I am reading Mysteries of Udolpho for the first time. I find it simultaneously readable and intolerable. Please, please say less of the landscape; my executive is dysfunctioning. Please, Annette, get to the point. Emily, girl, I beg you -- not one more poem. If one more man tells Emily to keep a stiff upper lip, my fury will achieve interdimensional proportions. Her melodrama is amusing and irritating, yet I fully recognise & admire her perseverance in the reality of limited agency.
Then Radcliffe will give us absolutely cutting lines like:
"... a party of young men, who had more money than rank, and more vice than either."

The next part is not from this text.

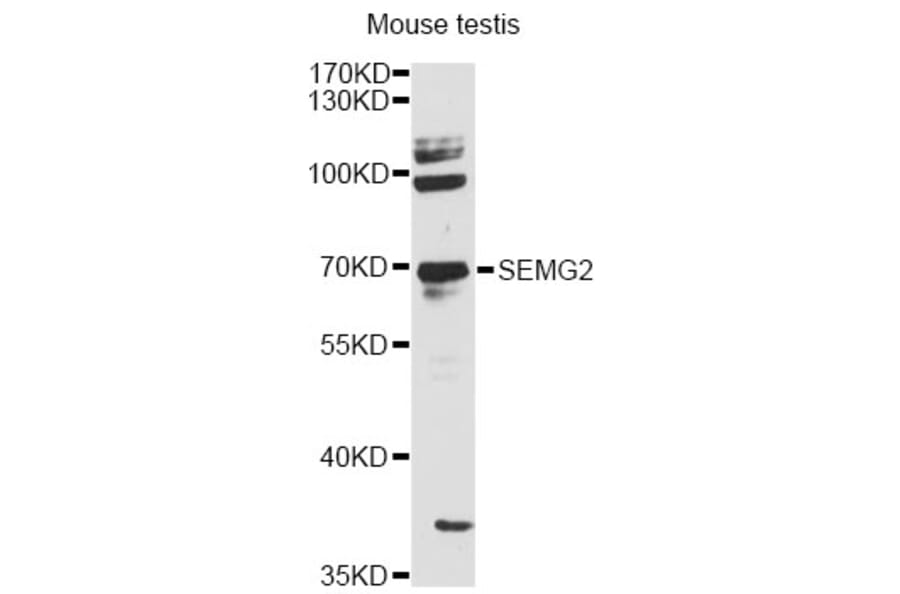 Western Blot - Anti-SEMG2 Antibody (A12878) - Antibodies.com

"It was new to Emily to part with any person, with whom she was connected, without feeling of regret; the moment, however, in which she took leave of M. and Madame Quesnel, was, perhaps, the only satisfactory one she had known in their presence."
" '—who could have foreseen, when I married the Signor, that I should ever repent my generosity?'
Emily thought she might have foreseen it, but this was not a thought of triumph.
"A well-informed mind is the best security against the contagion of folly and vice. The vacant mind is ever on the watch for relief, and ready to plunge into error, to escape from the languor of idleness. Store it with ideas, teach it the pleasure of thinking; and the temptations of the world without, will be counteracted by the gratifications derived from the world within."
(btw this book would have killed in a serial format.)
Still, I understand a bit more about Catherine Morland's mental state now. I, too, feel like my grasp on reality is slipping. I have read for an eternity and still have over 1/3 left. So much has happened and almost nothing has happened? What is time? Where are we? Who am I?